-- Opening Marker --
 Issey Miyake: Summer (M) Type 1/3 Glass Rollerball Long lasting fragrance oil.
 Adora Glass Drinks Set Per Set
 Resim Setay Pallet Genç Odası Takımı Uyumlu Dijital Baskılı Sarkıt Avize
-- Closing Marker --
-- Opening Marker --
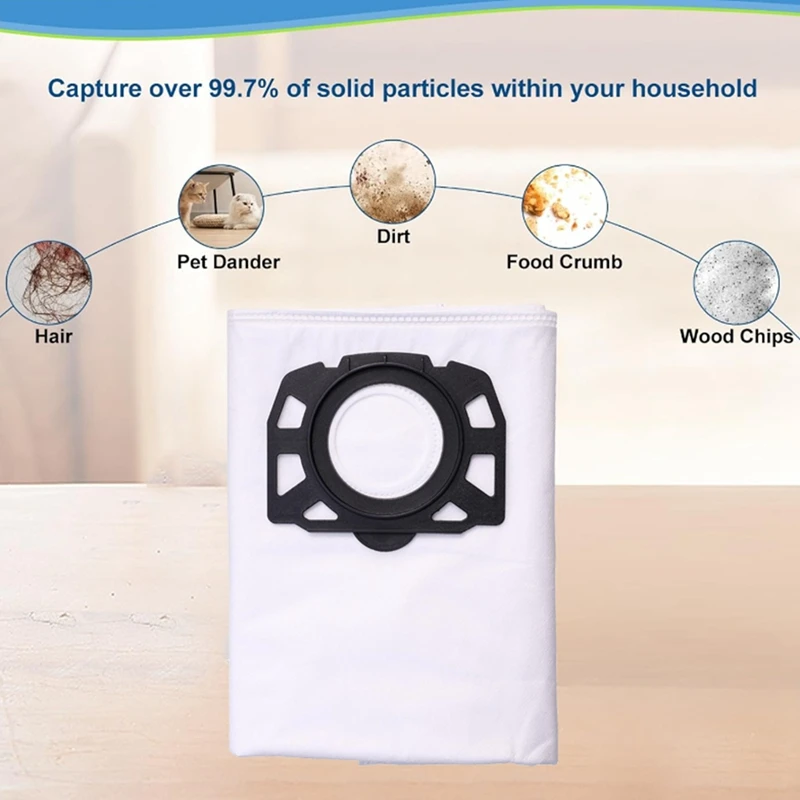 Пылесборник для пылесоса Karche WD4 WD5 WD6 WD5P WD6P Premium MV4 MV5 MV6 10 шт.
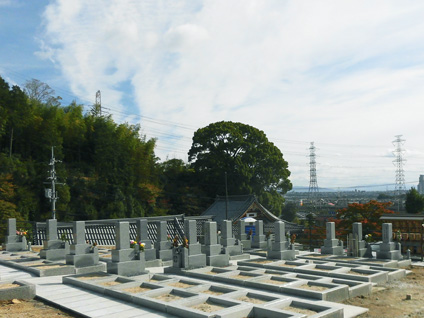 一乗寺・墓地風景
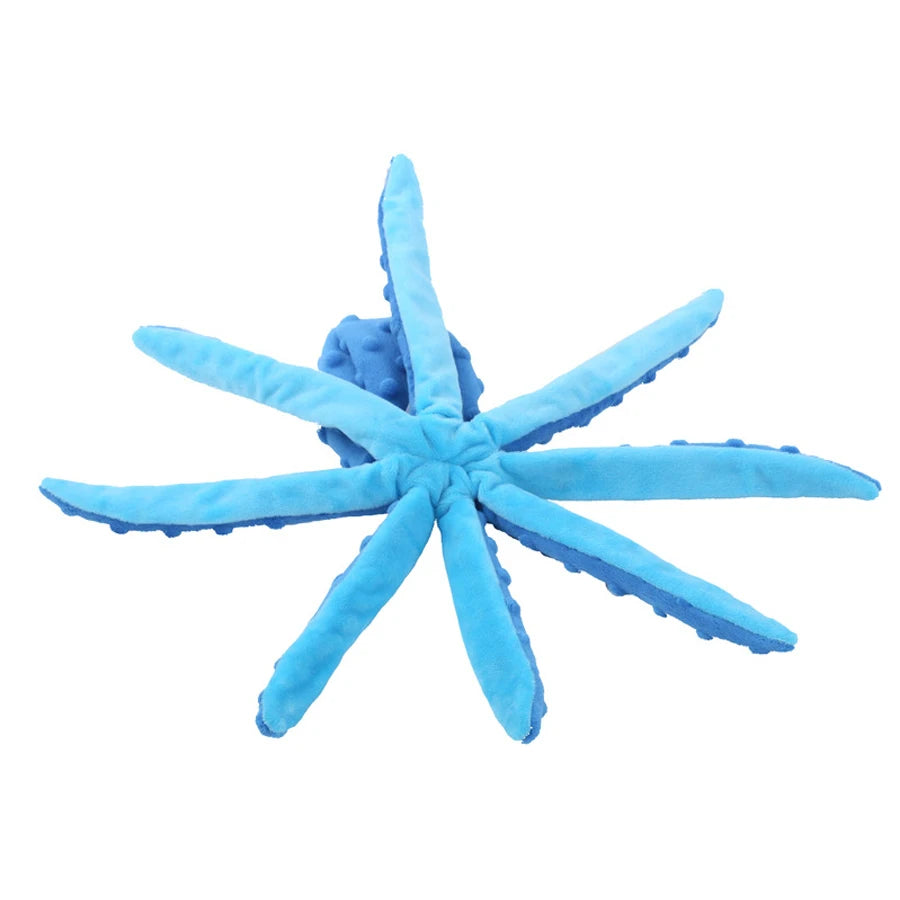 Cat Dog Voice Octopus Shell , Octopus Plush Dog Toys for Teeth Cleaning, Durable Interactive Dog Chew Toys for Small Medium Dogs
-- Closing Marker --
◆ EXERCISE DETAILS
Go through the listing and copy each line that includes the string "Glass".

◆ WRITTEN RESPONSE
 Issey Miyake: Summer (M) Type 1/3 Glass Rollerball Long lasting fragrance oil.
 Adora Glass Drinks Set Per Set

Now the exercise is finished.